Which is when I expressed my own confusion about those two rather critical words “up after.”

“Well, cleaning the building,” she explained.  “I inherited it” she reminded me and launched into the whole story again. “Anyway, the city lets me sell my dogs out of it, isn’t that nice?”

It would have been nice if it had been a PET STORE but it wasn’t.  It was an office building and these little dogs run around there all day and night.

How do I know about the inside of the building?

Because I am a complete sucker for slightly broken people who are in clear need of help and when I told Miss Havisham I wasn’t interested in a POOP SCOOPING CAREER, she actually started to cry. 

“I just don’t know what to do,” she said.  “I need help with these dogs!”

And somehow—probably to stop her tears AND to check on the physical condition of the dogs in question and IN SPITE OF THE FACT THAT I WAS WEARING MY GOOD SUEDE BOOTS—I heard myself agreeing to at least help her THAT day. And we went down to the office building and I spent 2 hours shuffling around trying to clean up while keeping my boots feces free.

(It is interesting to note that, when I was relating the story to Opie, this was the exact moment when he began surreptitiously looking around to see how many puppies I had snuck home.)

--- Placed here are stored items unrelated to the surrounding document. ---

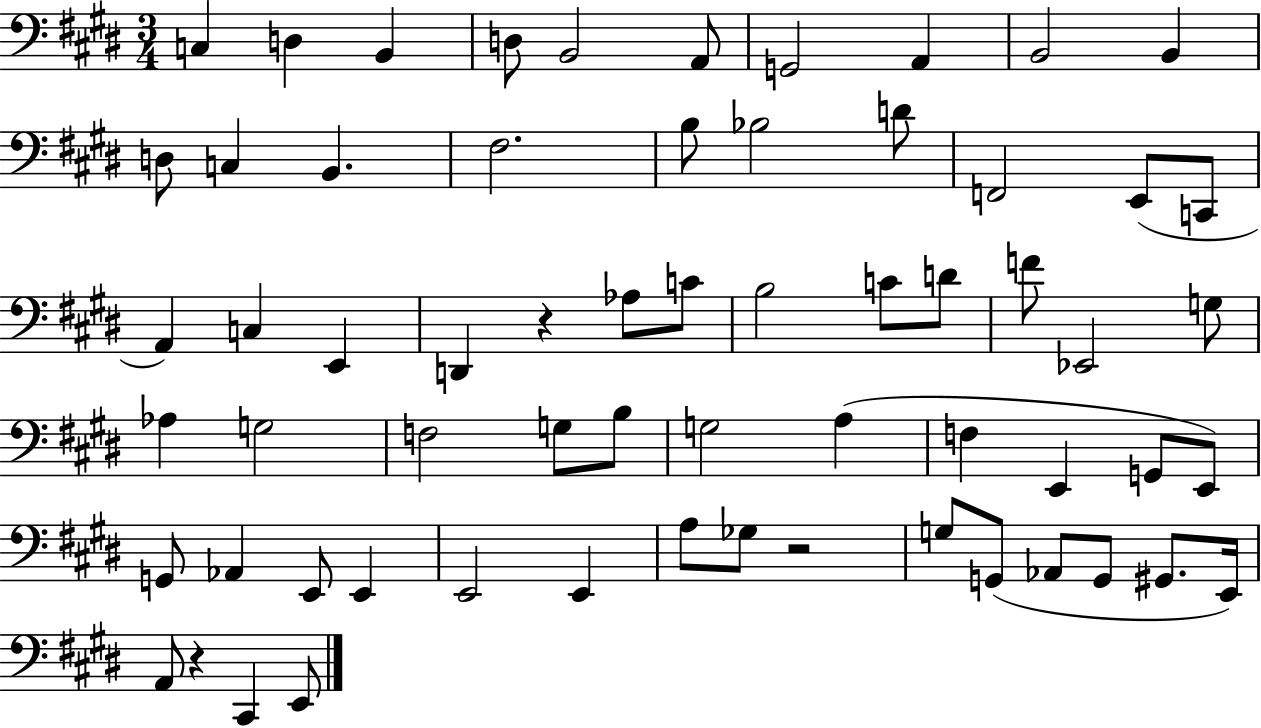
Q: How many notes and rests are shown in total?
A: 63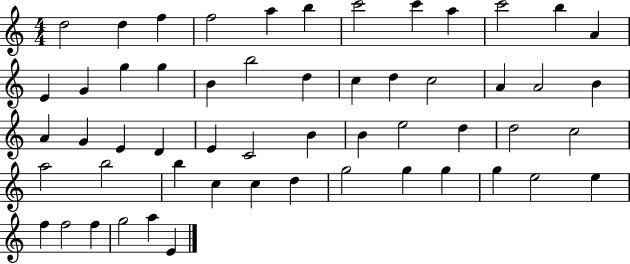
X:1
T:Untitled
M:4/4
L:1/4
K:C
d2 d f f2 a b c'2 c' a c'2 b A E G g g B b2 d c d c2 A A2 B A G E D E C2 B B e2 d d2 c2 a2 b2 b c c d g2 g g g e2 e f f2 f g2 a E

On the bright side, the place didn’t smell nearly as bad as I was imagining (though it didn’t smell GOOD) and the dogs were super cute and obviously happy and reasonably well cared for (why wouldn’t they be happy, they had the run of the whole building, the gated courtyard behind it, and, of course, the old jail!)

On a not so bright side, at some point Miss Havisham wandered away and the “helping” became a solo endeavor and when I went out into the courtyard to find her, the door locked behind me…and all the gates and doors out of the little courtyard were also locked so I was basically trapped between the building and the old jail.

And, because I'd been watching too much American Horror Story at the time, I immediately began imagining some rubbersuit wearing freak jumping out of the bushes with murder on his mind...I even had a plan in case that happened: I was going to dial 911 on my phone (let's be honest, I had 9 and 1 already dialed), then throw it over the fence and scream my location over and over...and just pray the 911 operator understood "Behind the old jail!" as a location.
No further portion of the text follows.